Getting on track if your bar exam is in September

The fog is clearing up in bar world. We wanted certainty. We got it.

Some of the more populated states are postponing the exam to September 9–10 or September 30 – October 1. Others are staying put in July. You can check the status of each state here.

In an interesting move, California is moving the exam to September 9 and is administering the exam remotely. Oh you, always such a rascal.

In any case, it’s happening. Things are moving, and so must you.

As the dust continues to settle, what should you do to keep your mind focused on track?

I would say it’s business as usual, with a few caveats:

1. Find or make a designated place at home to study (and to take the test, for California or other states that will have adopted remote proctoring).

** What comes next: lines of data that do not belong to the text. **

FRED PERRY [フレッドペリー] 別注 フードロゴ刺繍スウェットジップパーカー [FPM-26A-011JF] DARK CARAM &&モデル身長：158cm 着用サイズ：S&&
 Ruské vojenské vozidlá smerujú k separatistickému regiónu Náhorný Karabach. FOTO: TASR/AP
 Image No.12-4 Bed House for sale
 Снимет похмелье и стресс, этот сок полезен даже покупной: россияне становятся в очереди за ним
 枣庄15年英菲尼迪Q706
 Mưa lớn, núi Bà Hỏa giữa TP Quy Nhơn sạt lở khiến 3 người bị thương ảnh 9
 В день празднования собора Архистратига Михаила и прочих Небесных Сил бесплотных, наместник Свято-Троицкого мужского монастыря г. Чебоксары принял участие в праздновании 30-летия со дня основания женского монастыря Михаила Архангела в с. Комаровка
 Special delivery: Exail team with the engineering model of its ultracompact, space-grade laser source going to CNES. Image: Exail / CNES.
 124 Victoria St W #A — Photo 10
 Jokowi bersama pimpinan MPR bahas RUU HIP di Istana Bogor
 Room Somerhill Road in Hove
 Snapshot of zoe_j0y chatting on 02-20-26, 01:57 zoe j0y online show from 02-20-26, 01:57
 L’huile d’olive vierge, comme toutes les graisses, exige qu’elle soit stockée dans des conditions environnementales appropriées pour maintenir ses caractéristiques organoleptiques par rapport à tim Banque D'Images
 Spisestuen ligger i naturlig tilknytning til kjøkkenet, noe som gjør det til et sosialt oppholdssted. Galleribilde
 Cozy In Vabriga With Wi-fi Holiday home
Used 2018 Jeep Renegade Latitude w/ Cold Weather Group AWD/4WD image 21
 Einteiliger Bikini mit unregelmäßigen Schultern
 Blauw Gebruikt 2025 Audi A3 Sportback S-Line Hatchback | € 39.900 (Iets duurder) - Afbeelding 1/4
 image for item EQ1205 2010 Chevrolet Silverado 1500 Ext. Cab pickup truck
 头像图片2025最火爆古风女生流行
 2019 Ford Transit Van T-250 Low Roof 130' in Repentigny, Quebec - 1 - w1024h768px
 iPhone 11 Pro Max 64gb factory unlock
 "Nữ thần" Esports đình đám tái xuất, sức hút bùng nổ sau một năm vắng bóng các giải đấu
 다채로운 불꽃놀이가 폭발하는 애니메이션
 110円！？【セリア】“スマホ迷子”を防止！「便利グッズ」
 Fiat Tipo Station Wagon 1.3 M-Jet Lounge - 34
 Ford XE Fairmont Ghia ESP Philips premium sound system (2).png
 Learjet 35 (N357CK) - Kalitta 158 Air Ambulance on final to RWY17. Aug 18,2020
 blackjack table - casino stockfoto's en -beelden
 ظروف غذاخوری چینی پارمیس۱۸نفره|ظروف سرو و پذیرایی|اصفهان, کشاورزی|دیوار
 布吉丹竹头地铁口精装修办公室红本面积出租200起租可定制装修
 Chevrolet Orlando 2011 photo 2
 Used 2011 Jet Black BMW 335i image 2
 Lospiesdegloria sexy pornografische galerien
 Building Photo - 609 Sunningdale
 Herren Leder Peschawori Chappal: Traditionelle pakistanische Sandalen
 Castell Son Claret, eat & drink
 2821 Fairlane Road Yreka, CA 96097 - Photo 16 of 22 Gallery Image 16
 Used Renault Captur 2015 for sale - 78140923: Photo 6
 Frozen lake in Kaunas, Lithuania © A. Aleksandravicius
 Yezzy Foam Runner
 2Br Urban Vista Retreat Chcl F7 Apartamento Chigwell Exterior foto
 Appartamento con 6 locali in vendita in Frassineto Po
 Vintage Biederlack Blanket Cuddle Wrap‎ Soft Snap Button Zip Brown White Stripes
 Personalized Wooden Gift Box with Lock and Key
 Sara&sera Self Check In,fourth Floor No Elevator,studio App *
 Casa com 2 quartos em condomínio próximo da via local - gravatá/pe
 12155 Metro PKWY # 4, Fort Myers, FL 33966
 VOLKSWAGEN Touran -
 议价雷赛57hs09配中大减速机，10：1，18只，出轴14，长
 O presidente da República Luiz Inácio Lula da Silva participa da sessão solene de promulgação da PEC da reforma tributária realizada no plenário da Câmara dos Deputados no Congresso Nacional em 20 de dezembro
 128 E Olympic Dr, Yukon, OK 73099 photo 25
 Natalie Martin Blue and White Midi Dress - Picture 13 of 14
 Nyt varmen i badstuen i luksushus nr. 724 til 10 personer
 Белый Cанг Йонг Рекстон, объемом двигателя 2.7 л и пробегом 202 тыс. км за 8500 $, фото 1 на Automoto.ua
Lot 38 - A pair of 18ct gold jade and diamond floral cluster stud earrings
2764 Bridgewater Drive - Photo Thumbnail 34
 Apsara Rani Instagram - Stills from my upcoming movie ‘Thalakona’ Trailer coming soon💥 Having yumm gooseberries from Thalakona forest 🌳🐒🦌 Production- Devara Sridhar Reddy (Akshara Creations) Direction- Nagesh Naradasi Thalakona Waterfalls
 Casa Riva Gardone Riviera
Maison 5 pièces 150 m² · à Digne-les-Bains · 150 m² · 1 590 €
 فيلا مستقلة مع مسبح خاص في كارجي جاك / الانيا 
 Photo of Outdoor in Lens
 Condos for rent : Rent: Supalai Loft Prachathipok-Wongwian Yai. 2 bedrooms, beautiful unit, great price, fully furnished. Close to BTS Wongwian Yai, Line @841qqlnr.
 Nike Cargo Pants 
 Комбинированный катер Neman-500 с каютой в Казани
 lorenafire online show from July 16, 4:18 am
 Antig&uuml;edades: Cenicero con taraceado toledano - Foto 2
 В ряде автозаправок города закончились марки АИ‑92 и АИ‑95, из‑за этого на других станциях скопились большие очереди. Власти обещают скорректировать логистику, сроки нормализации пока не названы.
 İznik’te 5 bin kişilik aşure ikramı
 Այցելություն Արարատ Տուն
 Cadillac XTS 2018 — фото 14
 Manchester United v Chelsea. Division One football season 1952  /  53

If quarantine has introduced new distractions (roommates, children, family members, etc.) then it’s important that you let them know that you need your safe haven. A quiet and private space to focus.

2. Watch for burnout. More time isn’t necessarily better.

This is now a marathon.

The longer you marinate your brain in the bar material, the more things may blur together and the more you may feel your progress plateau. Just be wary that you’re still in focus as you get closer to September. Keep studying, but also mix up your routine and have light days.

You can get started on crafting your own schedule. To avoid burnout, four months is probably as long as you want to go. To avoid burnout as a repeater, shoot for three months.

3. For those taking the California bar or other exams that may adopt remote testing, look out for how the remote testing will be done, and be ready to get anything you need in order.

For example, they may require a mirror behind you and a properly working webcam if you don’t have one. You may also want a larger desk or work space for studying and testing.

You may also consider taking the exam in a hotel room like you would have done normally, away from home. Just get used to the room ahead of time the day before, like you would have done normally.

This is an opportunity to create an environment that’s free of the usual distractions and discomforts of a test center.

Let’s continue to keep on eye on the situation and be open to change as things unfold.